**Exercise requirements**
Copy the listing verbatim, excluding any images found in it.

**Material for the task**
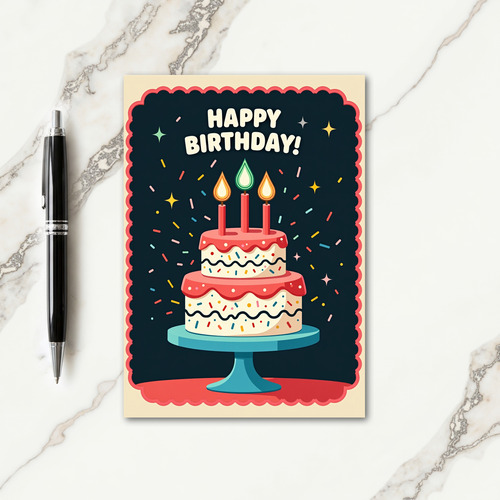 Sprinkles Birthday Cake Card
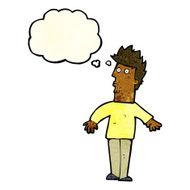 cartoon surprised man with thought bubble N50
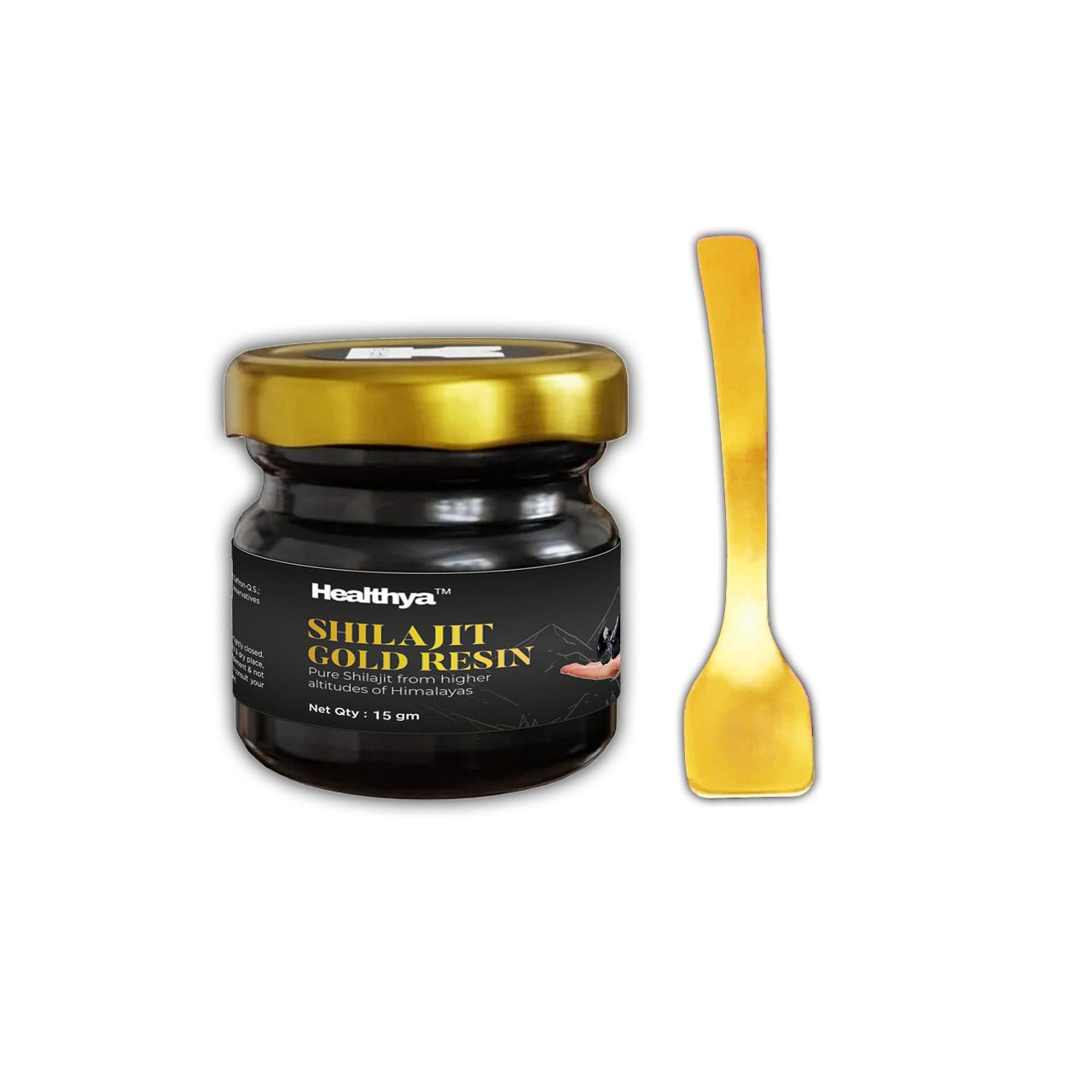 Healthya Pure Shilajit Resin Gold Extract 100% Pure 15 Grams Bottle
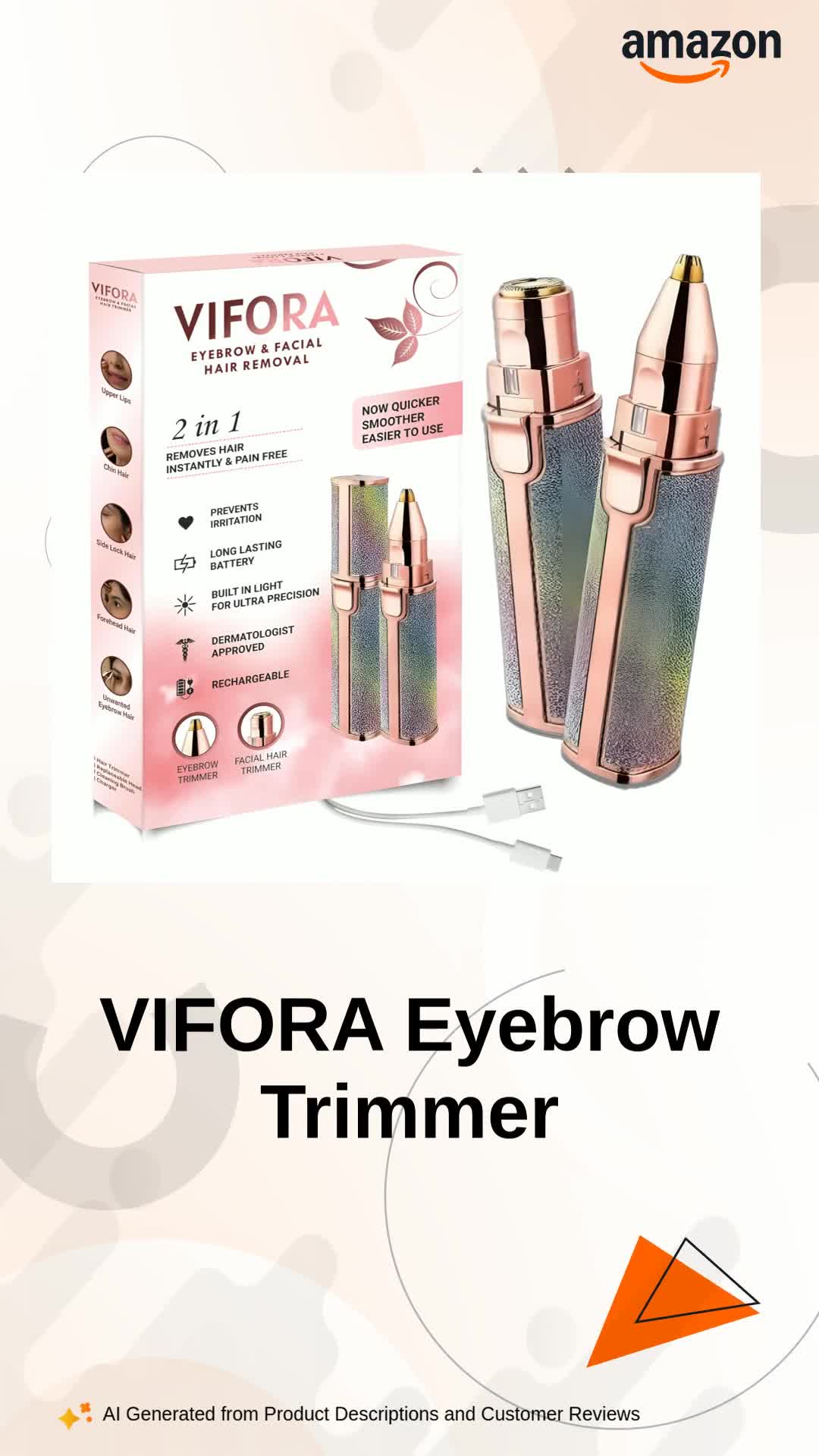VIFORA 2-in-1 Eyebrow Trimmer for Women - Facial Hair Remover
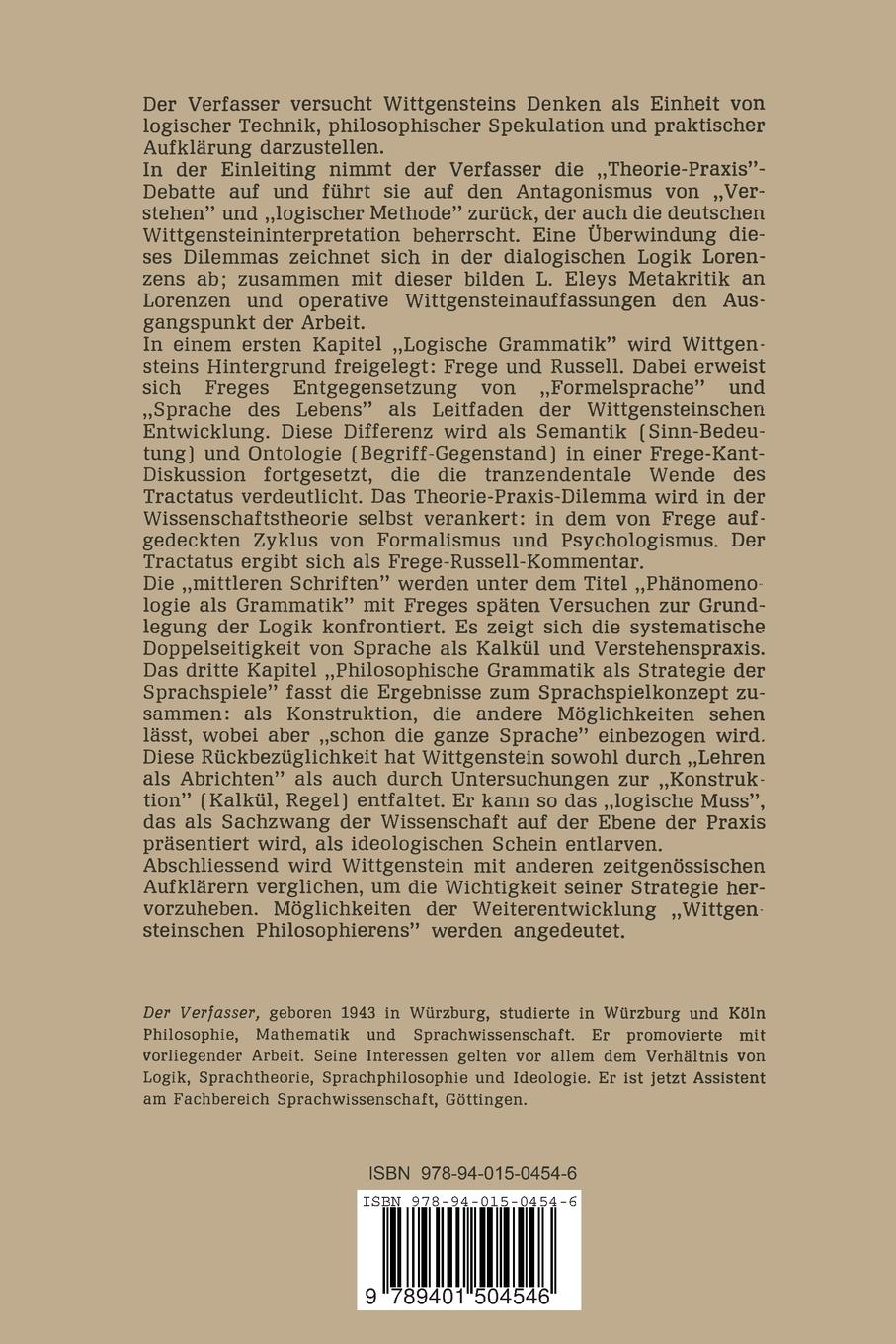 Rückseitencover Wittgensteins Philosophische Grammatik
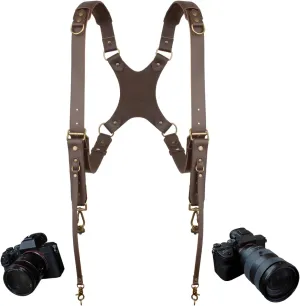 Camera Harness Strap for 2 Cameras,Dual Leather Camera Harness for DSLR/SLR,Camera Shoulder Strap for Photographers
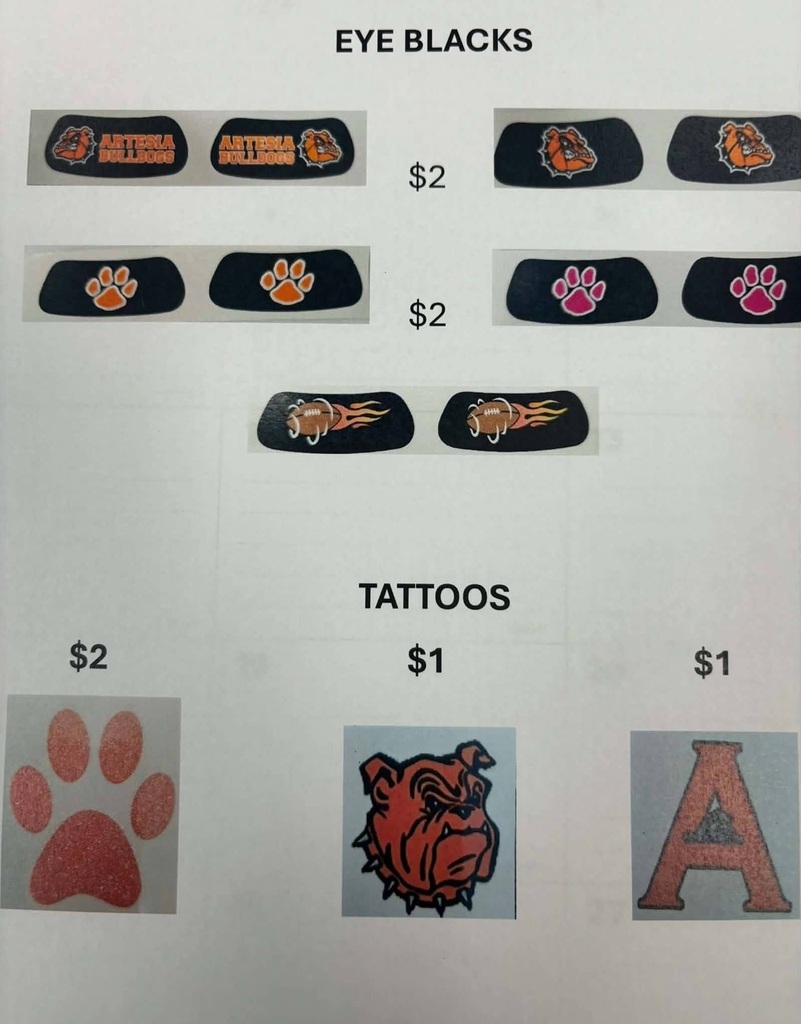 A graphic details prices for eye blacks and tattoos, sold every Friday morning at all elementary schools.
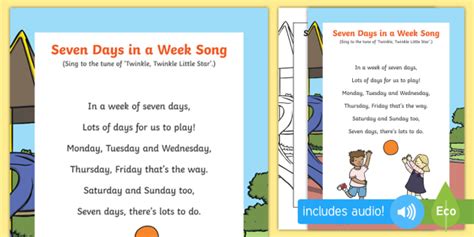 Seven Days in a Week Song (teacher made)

**Output**
 Sprinkles Birthday Cake Card
 cartoon surprised man with thought bubble N50
 Healthya Pure Shilajit Resin Gold Extract 100% Pure 15 Grams Bottle
VIFORA 2-in-1 Eyebrow Trimmer for Women - Facial Hair Remover
 Rückseitencover Wittgensteins Philosophische Grammatik
 Camera Harness Strap for 2 Cameras,Dual Leather Camera Harness for DSLR/SLR,Camera Shoulder Strap for Photographers
 A graphic details prices for eye blacks and tattoos, sold every Friday morning at all elementary schools.
 Seven Days in a Week Song (teacher made)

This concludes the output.